March nat-gas prices on Wednesday added to Tuesday's sharp losses and posted a 4-month nearest-futures low. Nat-gas prices are slumping as weather forecasts call for above-normal temperatures across the eastern half of the US for the rest of this month, potentially curbing nat-gas heating demand. Also, the warmer-than-normal temperatures will allow US nat-gas storage levels to rebuild. The Commodity Weather Group on Wednesday said above-normal temperatures are expected across the eastern half of the US through February 22, while mostly normal seasonal weather is expected for the following week.
US (lower-48) dry gas production on Wednesday was 114.0 bcf/day (+8.9% y/y), according to BNEF. Lower-48 state gas demand on Wednesday was 85.0 bcf/day (-31.4% y/y), according to BNEF. Estimated LNG net flows to US LNG export terminals on Wednesday were 19.9 bcf/day (+2.5% w/w), according to BNEF.
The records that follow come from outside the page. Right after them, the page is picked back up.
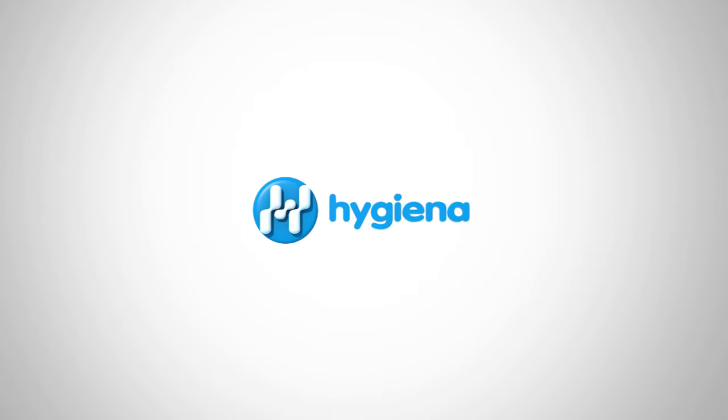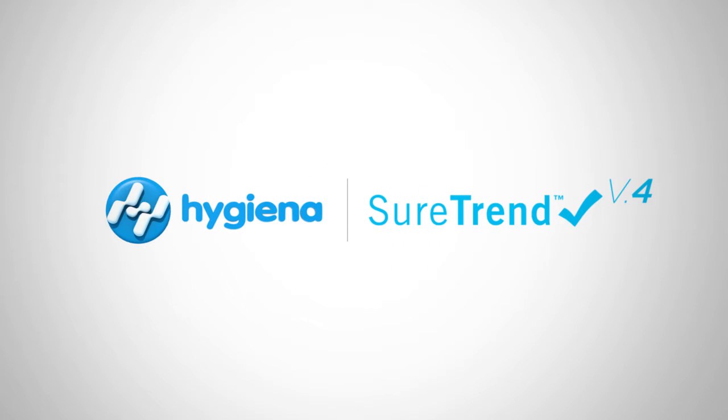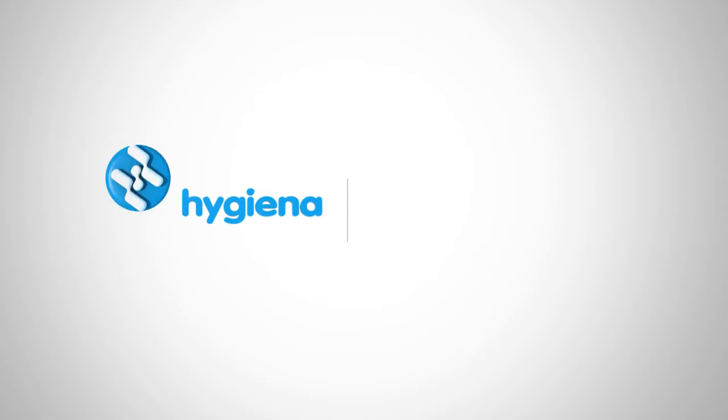Welcome to the SureTrend 4 instructional video series for healthcare. In this video, we will cover adding test locations. Let's get started.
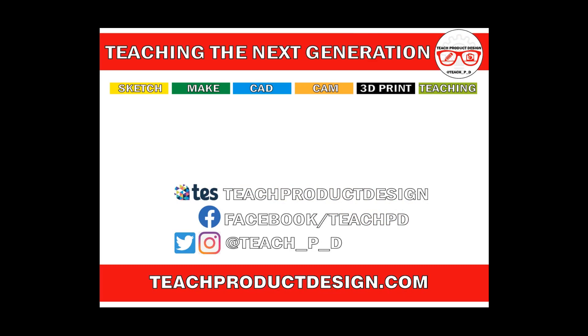Thanks for watching and if you found this content helpful please click like and subscribe and also check out any other resources and videos created using the links in the description. I'll see you in the next one.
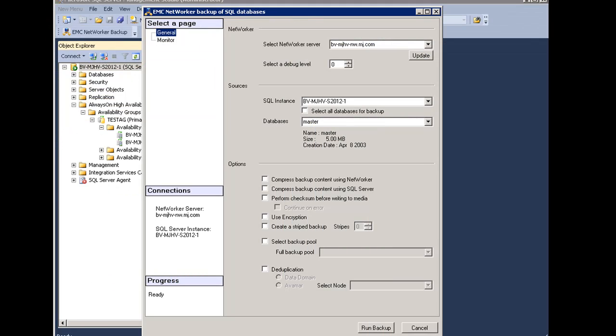Within the EMC NetWorker Backup page, there are two views. The first view is General. This is used to define the properties that I want to use during my manual backup. I will step through the options now.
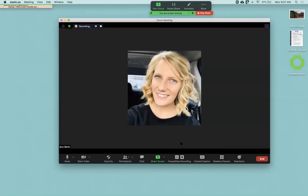This presentation will show you how to utilize the whiteboard within Zoom. Once you've logged into your meeting, you'll want to navigate over to share screen at the bottom in your toolbar.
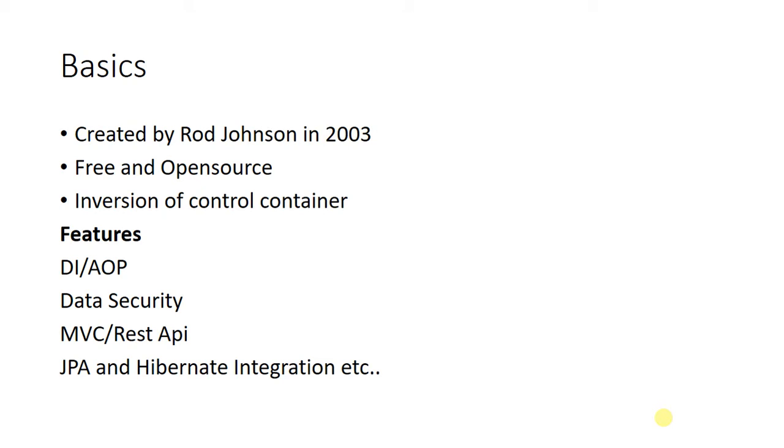It's also called AOP, which is aspect oriented programming. When we add a dependency, the framework will automatically handle it itself.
Projections for higher US nat-gas production are bearish for prices. Last Tuesday, the EIA raised its forecast for 2026 US dry nat-gas production to 109.97 bcf/day from last month's estimate of 108.82 bcf/day. US nat-gas production is currently near a record high, with active US nat-gas rigs posting a 2.5-year high last Friday.
Natural gas prices surged to a 3-year high on January 28, driven by the massive storm that disrupted the US with Arctic cold weather. The well below normal temperatures caused freeze-ups in gas wells, disrupted production in Texas and elsewhere, and drove a spike in demand for natural gas for heating. About 50 billion cubic feet of natural gas came offline, or about 15% of total US natural gas production, due to freeze-ups.
As a bullish factor for gas prices, the Edison Electric Institute reported last Wednesday that US (lower-48) electricity output in the week ended February 7 rose +15.42% y/y to 91,4595 GWh (gigawatt hours), and US electricity output in the 52-week period ending February 7 rose +2.59% y/y to 4,315,797 GWh.
The consensus is that Thursday's weekly EIA nat-gas inventories will fall by -149 bcf for the week ended February 13.
Last Thursday's weekly EIA report was supportive for nat-gas prices, as nat-gas inventories for the week ended February 6 fell by -249 bcf, a smaller draw than the market consensus of -258 bcf but well above the 5-year weekly average draw of -146 bcf. As of February 6, nat-gas inventories were down -3.6% y/y and -5.5% below their 5-year seasonal average, signaling tight nat-gas supplies. As of February 16, gas storage in Europe was 33% full, compared to the 5-year seasonal average of 49% full for this time of year.
Baker Hughes reported last Friday that the number of active US nat-gas drilling rigs in the week ending February 13 rose by +3 to a 2.5-year high of 133 rigs. In the past year, the number of gas rigs has risen from the 4.75-year low of 94 rigs reported in September 2024.